J’aurai du écrire, les êtres humains et les idées, dans cette nouvelle manière d’écrire en français.

Heureusement les deux langues nationales que je connais n’ont pas ce problème de confusion entre l’être humain, nit, neɗɗo et l’homme, goor, gorko.

Chaque langue a ses forces et ses faiblesses.

Je commençai à m’éloigner de l’objet de ma réflexion matinale.

Je vois depuis quelques décennies un phénomène qui ne s’estompe pas. Des jeunes, des adultes, des hommes et des femmes acceptent de tout t’abandonner, leurs familles , leurs richesses et même leur dignité pour suivre un homme ou une femme.

Il est très souvent difficile de comprendre l’explication rationnelle de ce mouvement spontané de sympathie et d’attachement aveugle à une personne.

Les messies viennent avec des idées transformatrices des individus, des communautés et des sociétés, disait-on.

Les grands hommes portent de grandes idées, en grands tribuns, qu’ils professent.

Comme disent les marxistes lorsque les idées s’emparent des masses…!

El Hadj Omar Foutiyou Tall, Thierno Souleymane Baal, Cheikh Ahmadou Bamba Mbacké, El Hadj Malick Sy, El Hadj Ibrahima Niass, Kwame Krumah, Cheikh Anta Diop, etc.

Les grands hommes prêchent aussi par l’exemple, à travers leurs actions comme Nelson Mandela, Thomas Sankara, Patrice Lumumba, Steve Biko, etc.

Chez nous, l’allégeance à un homme ou à une femme est devenue une servitude.
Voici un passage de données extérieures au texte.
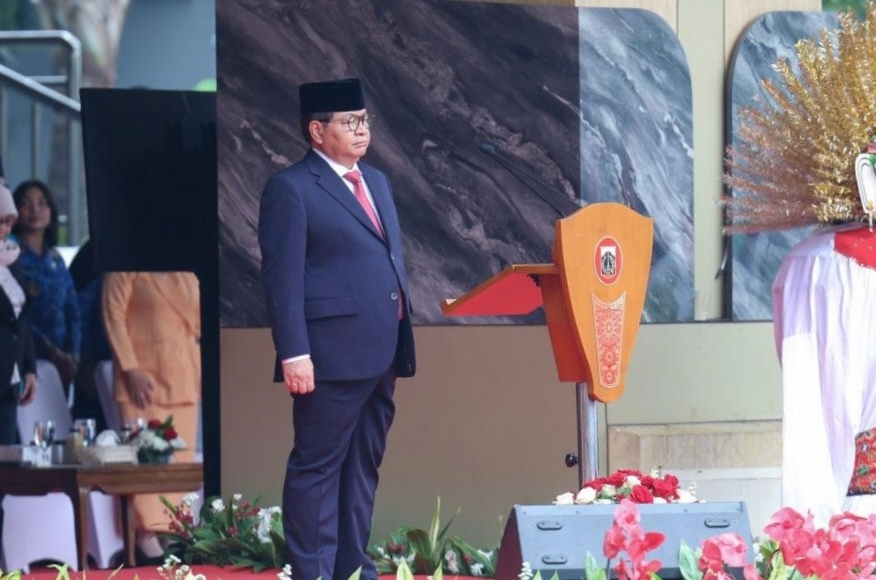 Pramono: Pancasila Jadi Fondasi Jakarta Merawat Keberagaman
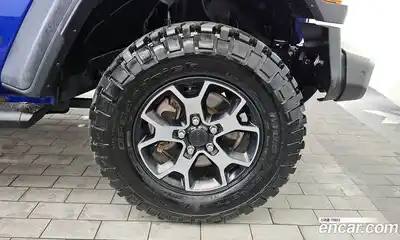 Jeep Wrangler 2019 2.0 гидро в Москве № 1424388, миниатюра 7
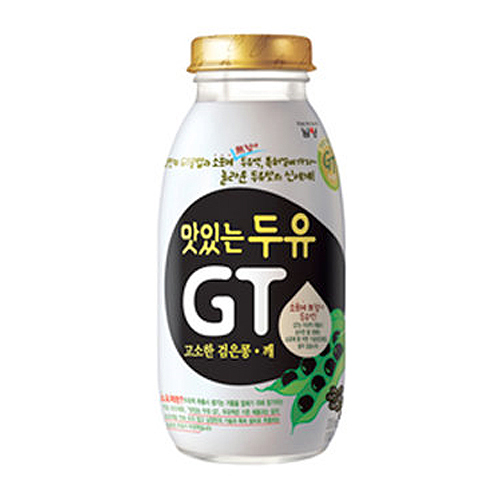 남양유업 맛있는두유 GT 고소한 검은콩깨 200ml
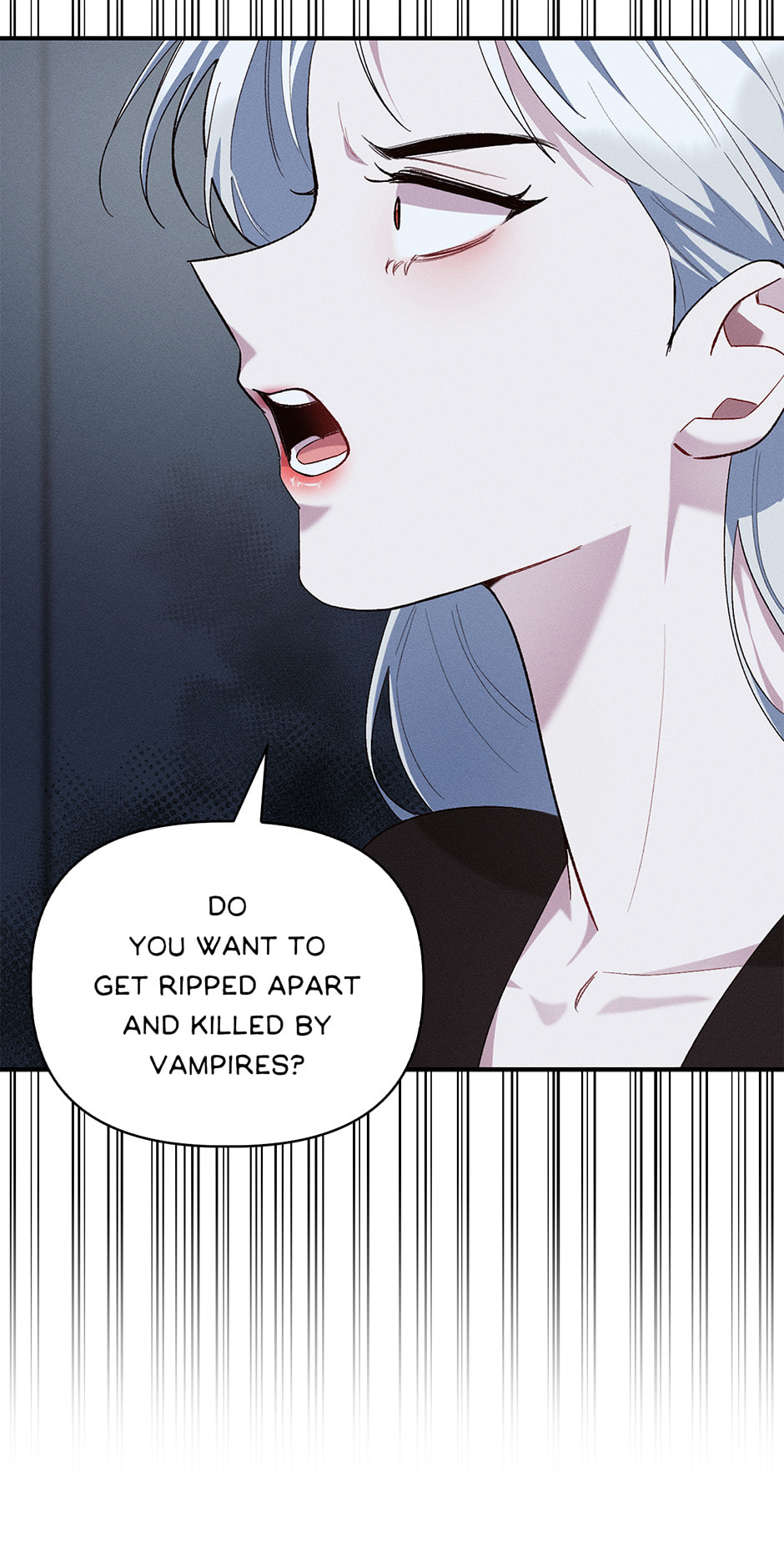 Bloody Kiss Chapter 40 page 20 - 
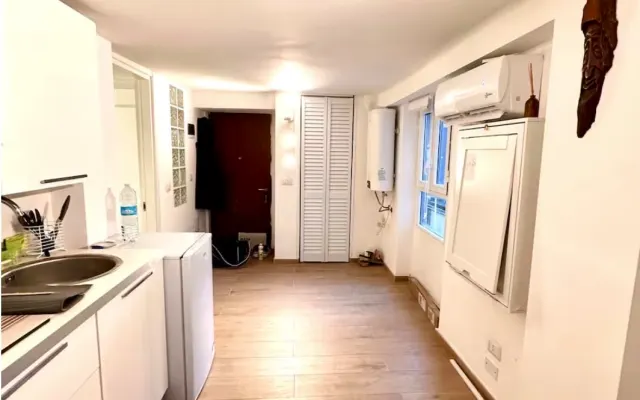 24 m2—renovated and affordable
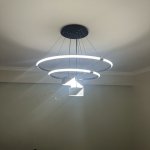 Посуточно 2 комнатная Новостройка, İnşaatçılar метро, пос. Йени Ясамал, Ясамал район 9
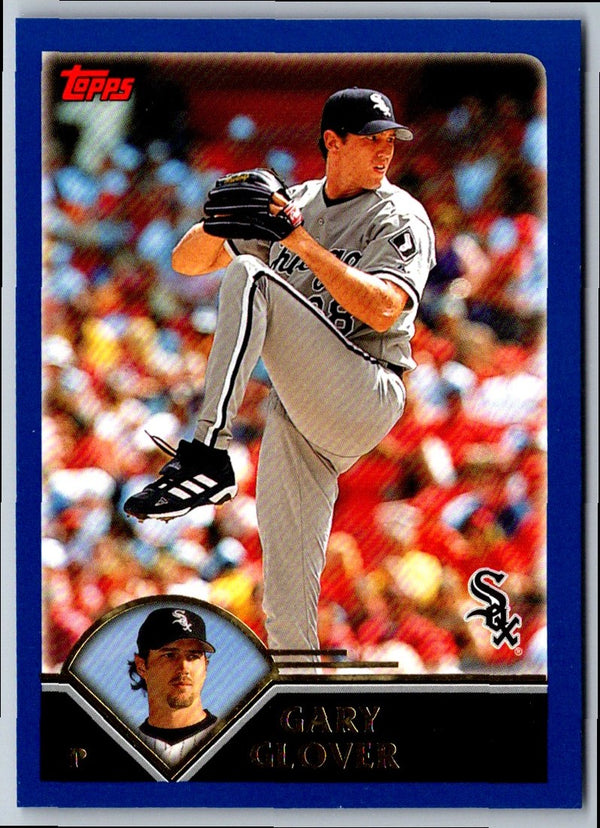 2003 Topps Gary Glover #560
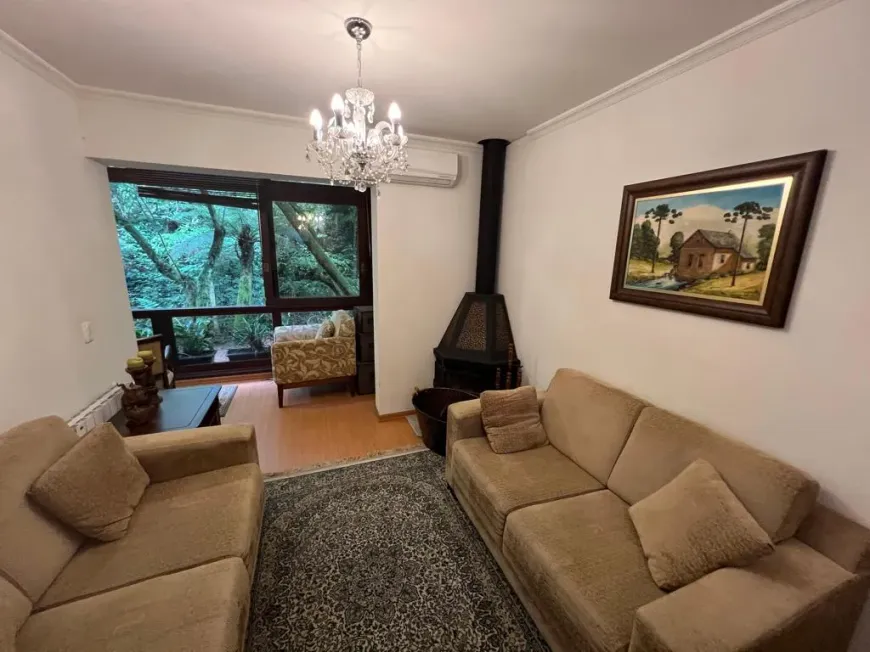 Foto 1 de Apartamento com 2 Quartos à venda, 74m² em Planalto, Gramado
Elle est d’autant plus servile lorsqu’elle est politique ou religieuse.

Comment expliquer que des gourous en déphasage totale avec les religions dont ils se réclament puissent drainer des dizaines de milliers de personnes avec un pouvoir de vie ou de mort sur elles?
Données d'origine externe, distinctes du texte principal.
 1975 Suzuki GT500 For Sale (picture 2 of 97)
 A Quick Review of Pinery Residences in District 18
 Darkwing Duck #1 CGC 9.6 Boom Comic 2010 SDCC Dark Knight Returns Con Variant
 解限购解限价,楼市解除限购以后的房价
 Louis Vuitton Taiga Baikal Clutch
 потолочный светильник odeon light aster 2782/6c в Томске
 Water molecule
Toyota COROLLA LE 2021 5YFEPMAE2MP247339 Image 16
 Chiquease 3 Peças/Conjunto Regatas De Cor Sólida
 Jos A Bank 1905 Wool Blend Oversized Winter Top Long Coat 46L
On ne pense plus, on ne réfléchit plus, on ne raisonne plus !

On se rassure en confiant son cerveau à une personne supérieure.

Comme attachées au nez par un fil invisible, nous observons ces foules immenses qui répondent dociles à l’appel d’hommes ou de femmes d’une telle pauvreté intellectuelle et spirituelle qu’il est difficile de discerner les raisons de cette irrésistible attractivité.
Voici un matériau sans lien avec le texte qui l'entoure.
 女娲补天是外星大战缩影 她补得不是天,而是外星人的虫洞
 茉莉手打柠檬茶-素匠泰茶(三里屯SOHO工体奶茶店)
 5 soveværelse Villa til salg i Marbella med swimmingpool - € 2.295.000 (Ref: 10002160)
Dieu a-t-il doté leurs corps d’un parfum surnaturel qui métamorphose et soumet les esprits ? Ou tout simplement leur cerveau est-il doté d’un pouvoir hypnotique tellement puissant qu’il accapare les cerveaux de ces foules qui, en génuflexion, se soumettent, conquises.

Lorsque l’éducation familiale décline, lorsque la tradition de l’éducation religieuse se perd, lorsque l’individu émerge avec force et fracas de la société, la conscience de la trajectoire historique commune s’évanouit, les individus fragiles s’orientent désespérément à la recherche de bouées de sauvetage.

Les idées ne prospèrent que dans des cerveaux fertiles et préparés à l’avance.

Cette époque est désespérante.

Les individus en ont marre des idées.

Ils ont besoin d’injonctions péremptoires, d’ordres. Indisciplinés, incultes culturellement, ils acceptent dociles qu’une personne providentielle les soumette.

Même les intellectuels se soumettent. Terrorisés, ils brisent leurs plumes et se murent dans un silence défaitiste.

Notre drame, la peur de la pauvreté, qui se généralise, tétanise les esprits, brise les résistances, annihile les exigences morales et met les individus en quête désordonnée de moyens spirituels et matériels de survie.

La lutte des places, la lutte pour des gains financiers et matériels, ces luttes prennent le dessus partout sur les luttes portées par des idées transformatrices de la société.

Ces batailles matérialistes grégaires viennent à bout des engagements les plus forts comme des déterminations des plus courageuses.

Lorsque le butin de guerre est conquis, les saints se muent en voyous.

Les convictions cèdent le pas à la bataille pour le partage des bandits.

Quand serons-nous débarrassés de ces malédictions?

J’encourage toutes celles et ceux qui se battent contre la grippe.
Je prie pour le repos de l’âme de tous nos naufragés du bateau le Joola.
Je vous souhaite une excellent week-end sous la protection divine.